Titan again, and coronal rain

26 June 2014
Astronomy

At http://phys.org/print322807085.html … anomalous amounts of nitrogen detected in the atmosphere of Titan have caused some scientists to have a rethink. Does it indicate Titan's raw materials might have been locked up in ices that condensed before Saturn was formed? The study, a collaboration between NASA and ESA, says they have found 'firm' evidence nitrogen on Titan originated in conditions similar to those of comets (assumed to have an origin in the Oort Cloud on the outer rim of the solar system). Hence, this seems to suggest that Titan's building blocks did not form within the warm disc of material thought to have surrounded the proto planet Saturn. The implication is that Titan's building blocks formed very early in the history of the solar system (published in Astrophysical Research Letters this week). The argument relies on information derived from Titan's atmosphere, a difference in nitrogen isotopes on Titan to those in the atmosphere of the Earth – which also has implications.

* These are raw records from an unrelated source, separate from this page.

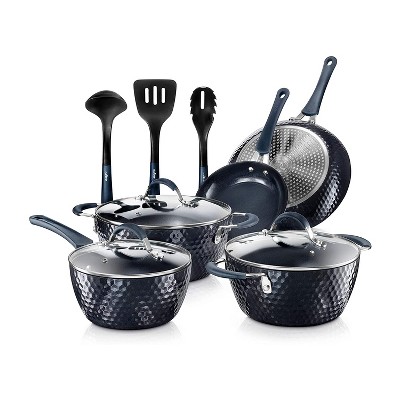 NutriChef 11 Piece Nonstick Ceramic Diamond Pattern Cooking Kitchen Cookware Pots and Pan Set with Lids and Utensils, Dark Blue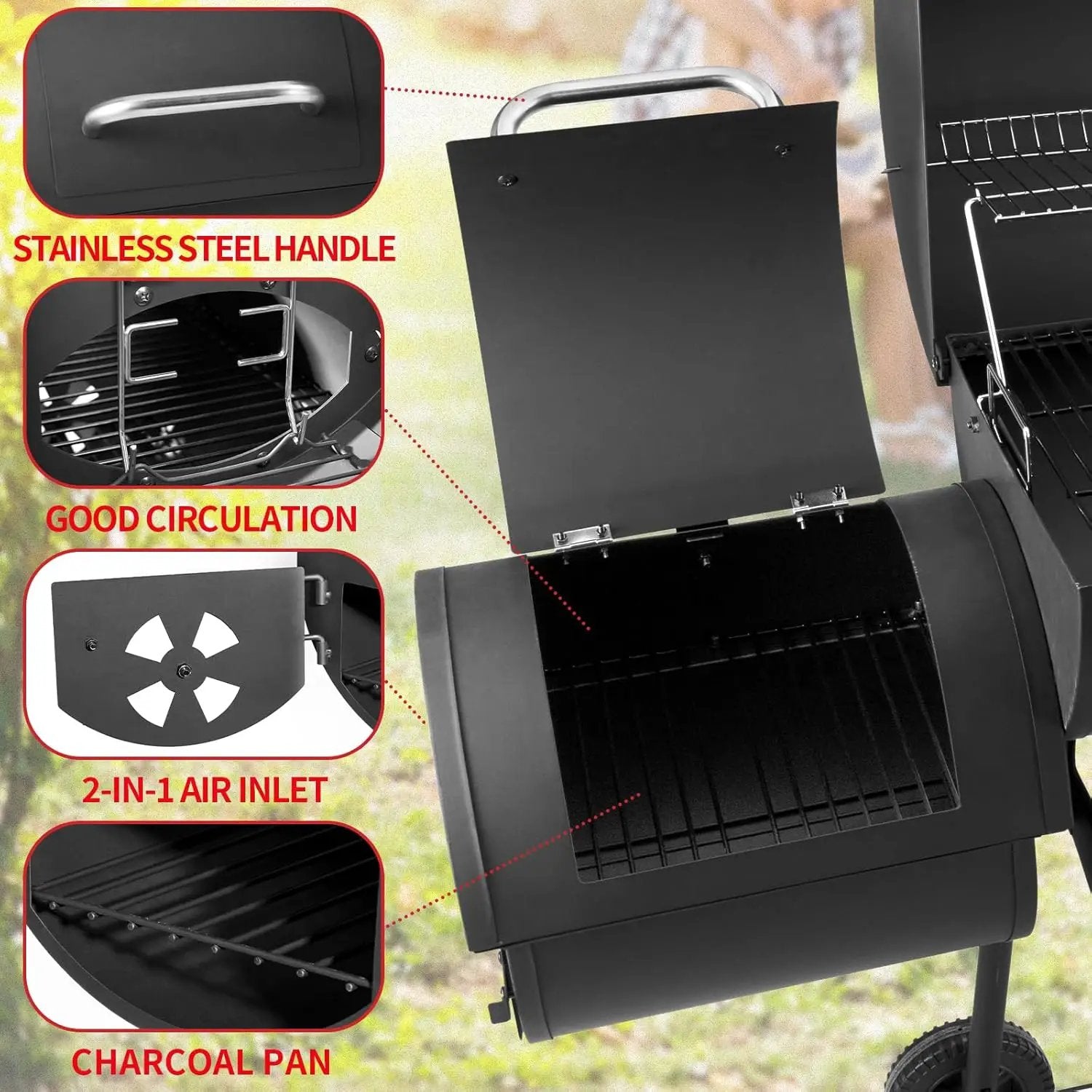 Barrel Charcoal Grill with offset smoker, 714 Square Inches Cooking Area, Outdoor BBQ Grill with Front and Side Shelf, Perfect for Backyard, Patio Parties and Picnics by GreenHaven Gardens
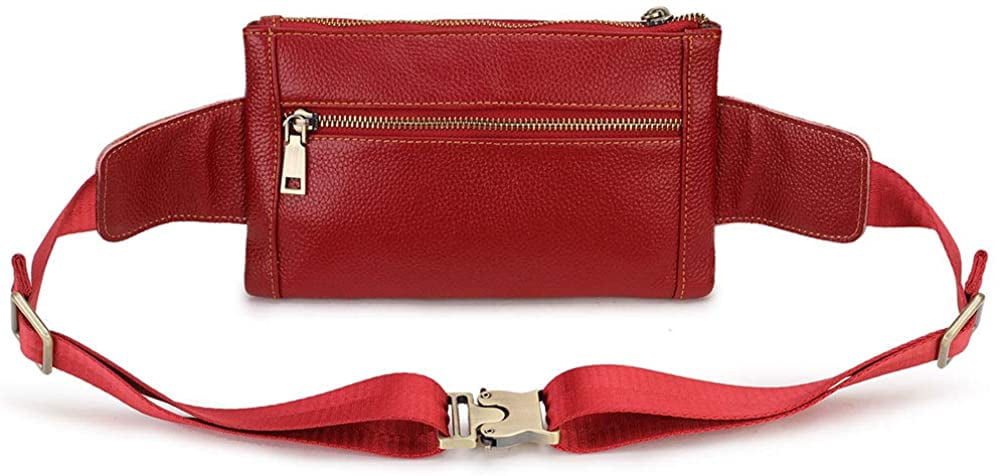 Loyofun Unisex Brown Genuine Leather Waist Bag Messenger Fanny Pack Bum Bag For Men Women Travel Sports Running Hiking
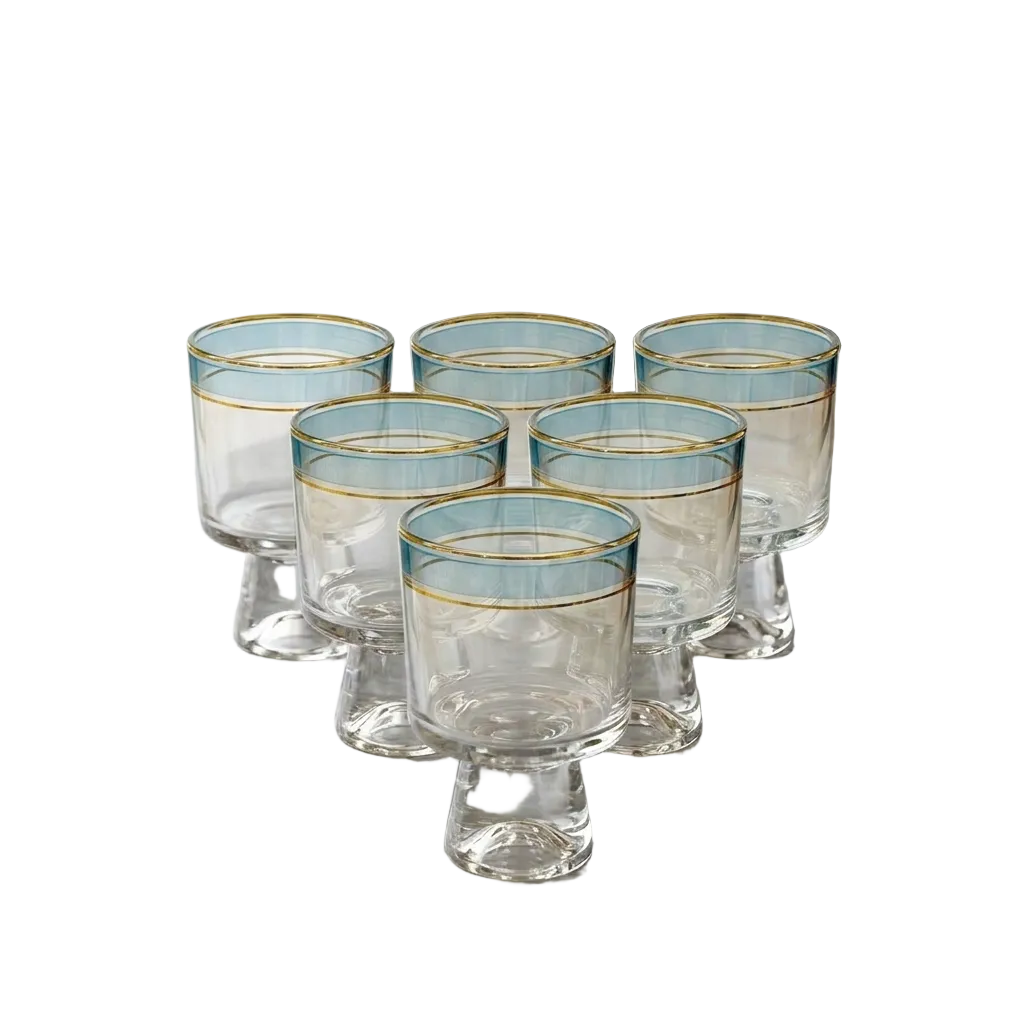 Azure Blue Glasses Set of 6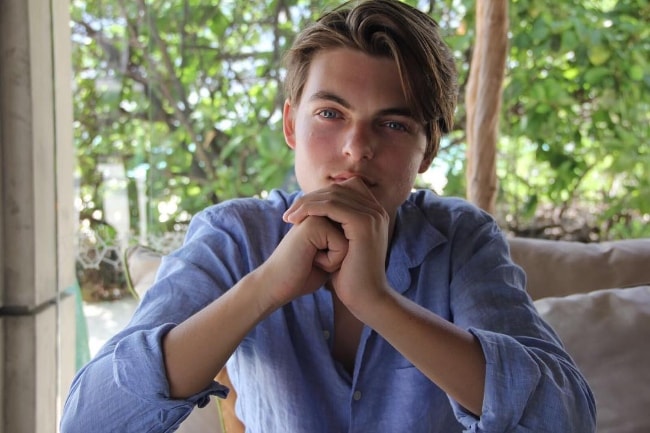 Damian Hurley as seen while posing for the camera during his visit to India in February 2017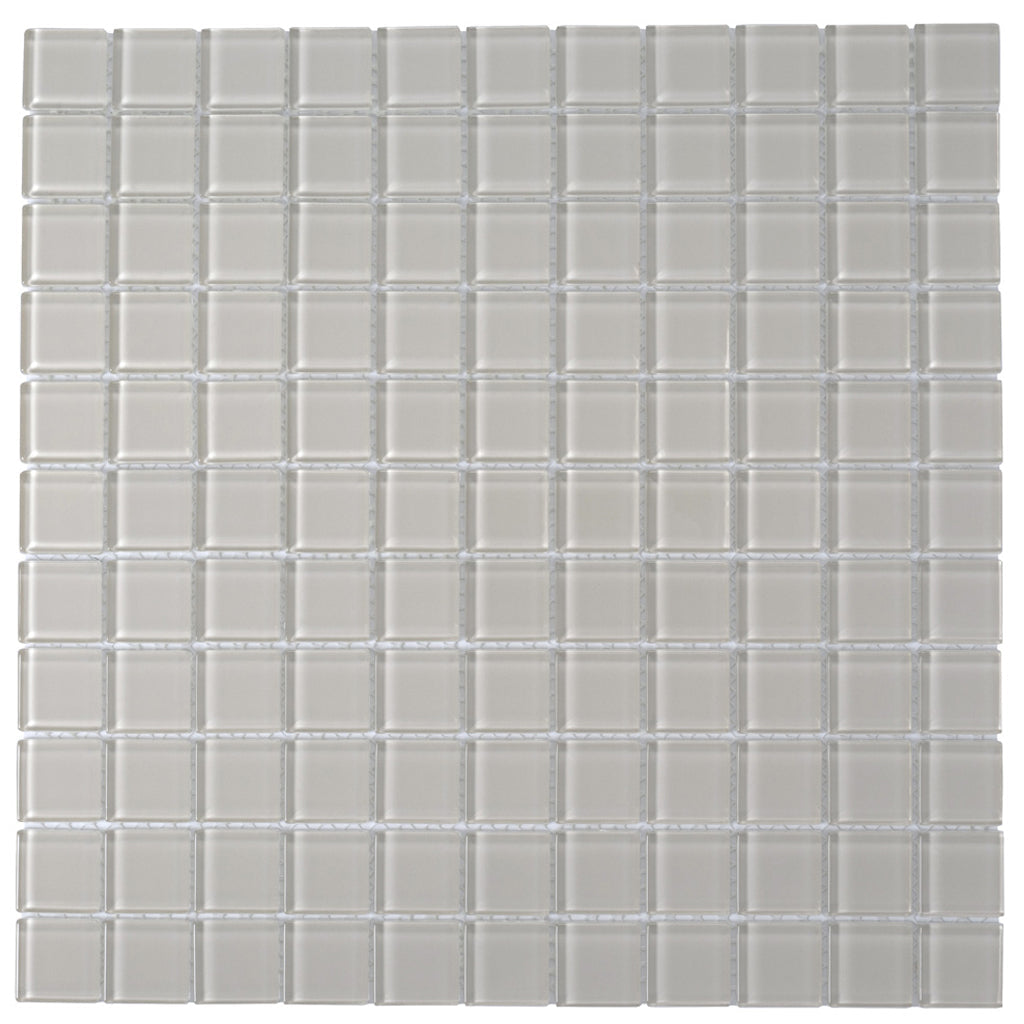 Warm Greige 12x12 Glossy Square Glass Mosaic Tile (10 pack, 9.67 sq ft/case)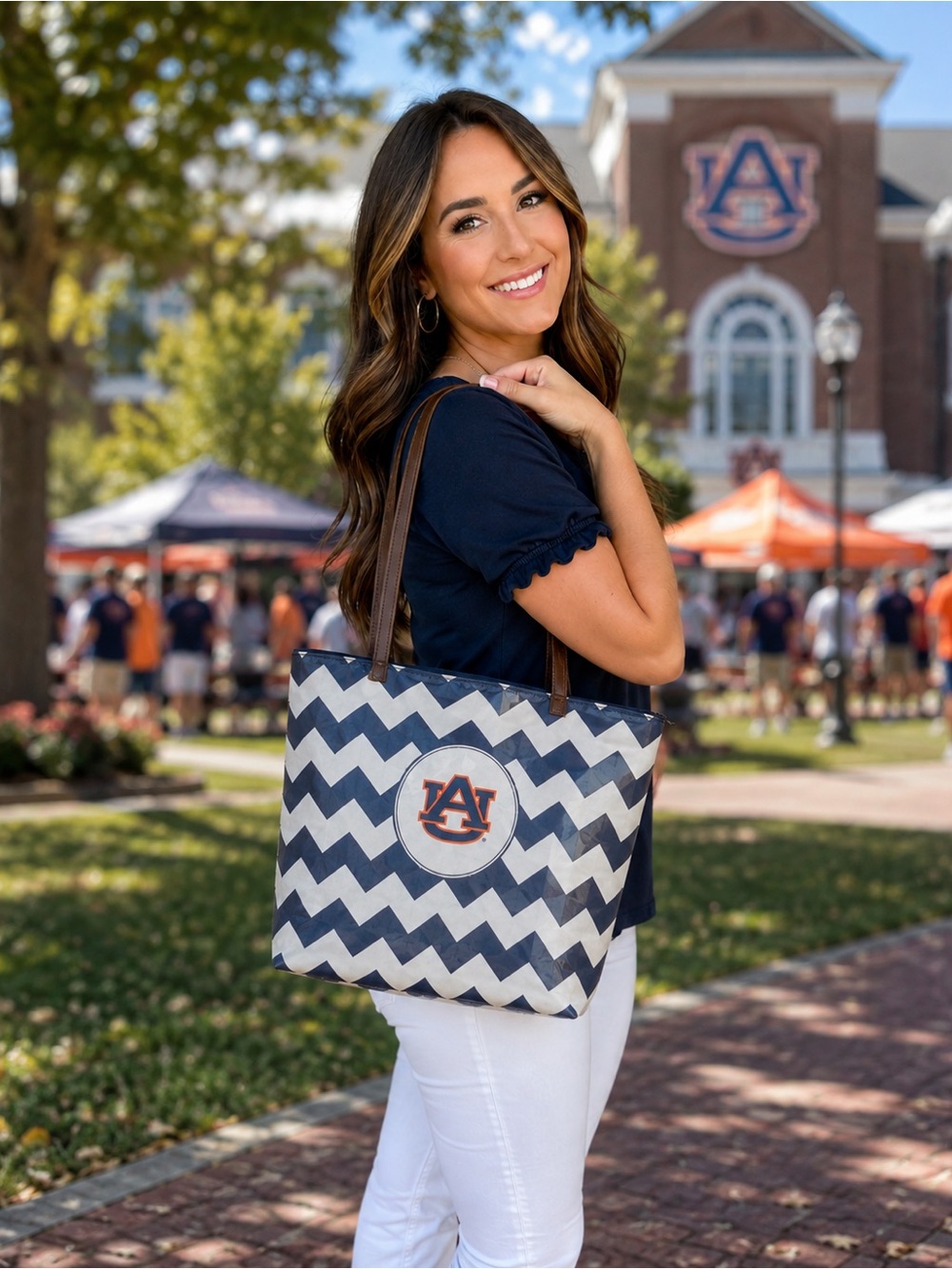 Auburn Tigers Chevron Laminated Boutique Tote Bag Navy White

At http://phys.org/print322806790.html … the Swedish Solar Telescope has revealed evidence of coronal rain showers pouring relentlessly into the dark sunspot currently on the surface of the Sun. The shower has a water fall like flow (see image at link). The rain consists of electrically charged gas (plasma). If conditions on the Sun are right, the hot dense plasma will cool and condense and will fall as coronal rain. The origin of solar coronal heating, however, remains a puzzle. The coronal rain, driven by solar flares, may play a distinct role – acting like a thermostat to regulate temperature fluctuations in the solar corona. Eamon Scullion of Trinity College in Dublin is leading the research. It all sounds a bit like the Earth's thermostat – water evaporating from the ocean (which has heated up as a result of the Sun, or  whatever) and rising into the atmosphere where it will fall as rain and cool the surface – the surplus heat being dispersed into space. Does any of the coronal rain end up being dispersed into space?